Catholic cathedral in England

The Cathedral of St Mary and St Helen is a Catholic cathedral in Brentwood, Essex, England. It is the seat of the Diocese of Brentwood.

==History==
Brentwood Cathedral began in 1861 as a parish church built in a Gothic style. This relatively small building was raised to cathedral status in 1917. Between 1989 and 1991 the church was enlarged in an Italianate classical style by the Driehaus Prize winner Quinlan Terry, replacing an earlier extension made in 1974.

The new Brentwood Cathedral was dedicated by Cardinal Hume on 31 May 1991. The donors chose to remain anonymous and the money was given solely for this purpose.

In 2022 the cathedral was listed at Grade II*.

==Architecture==
The architect Quinlan Terry took his inspiration from the early Italian Renaissance crossed with the English Baroque of Christopher Wren. This, it was felt, would be appropriate for the town and its conservation area, but above all it would provide the right space and light for the liturgy to be celebrated. The cathedral was designed along a square plan, focussed on the high altar, placed in the nave to accommodate the changes in liturgical fashion after the Second Vatican Council.
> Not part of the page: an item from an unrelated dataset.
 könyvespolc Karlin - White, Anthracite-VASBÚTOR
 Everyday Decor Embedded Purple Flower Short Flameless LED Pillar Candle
Work began in 1989 and was completed two years later. The north elevation consists of nine bays each divided by Doric pilasters. This is broken by a huge half-circular portico, which was inspired by a similar one at St Paul's. The handmade traditional Smeed Dean brick of the clerestory leads up to the octagonal lantern, or cupola, the high point both of the outside and inside.

A conscious decision was taken to retain part of the Gothic Revival church of 1861 alongside the new classical cathedral. The east elevation juxtaposes the old and the new, linking them through the scale of the 1991 building and the use of ragstone and Welsh slate roof tiles.

All the classical architectural orders are represented in the interior: the four giant Doric pilasters, the Tuscan arcade of arches, the Ionic pilasters of the Palladian windows in the east and west aisles, the Corinthian and Composite influences evident on the cathedral and the organ case.

While the interior of the cathedral has a deliberately "restrained" feeling to it, richness is to be found in the ceiling. The Roman key pattern and the double guilloche pattern, picked out in gold leaf, are dominant here. All the round-headed windows are in the style of Wren, with clear leaded lights of hand-made glass.

With clear windows on all four sides, the cathedral is flooded with light at any time of the day. This and the white walls and stone floor combine to give a translucent effect which uplifts the spirit and conveys its own sense of the presence of God. The cathedral is lit by brass English Classical chandeliers (one of which was formerly in the church at Epping) and, above the cornice, concealed lighting.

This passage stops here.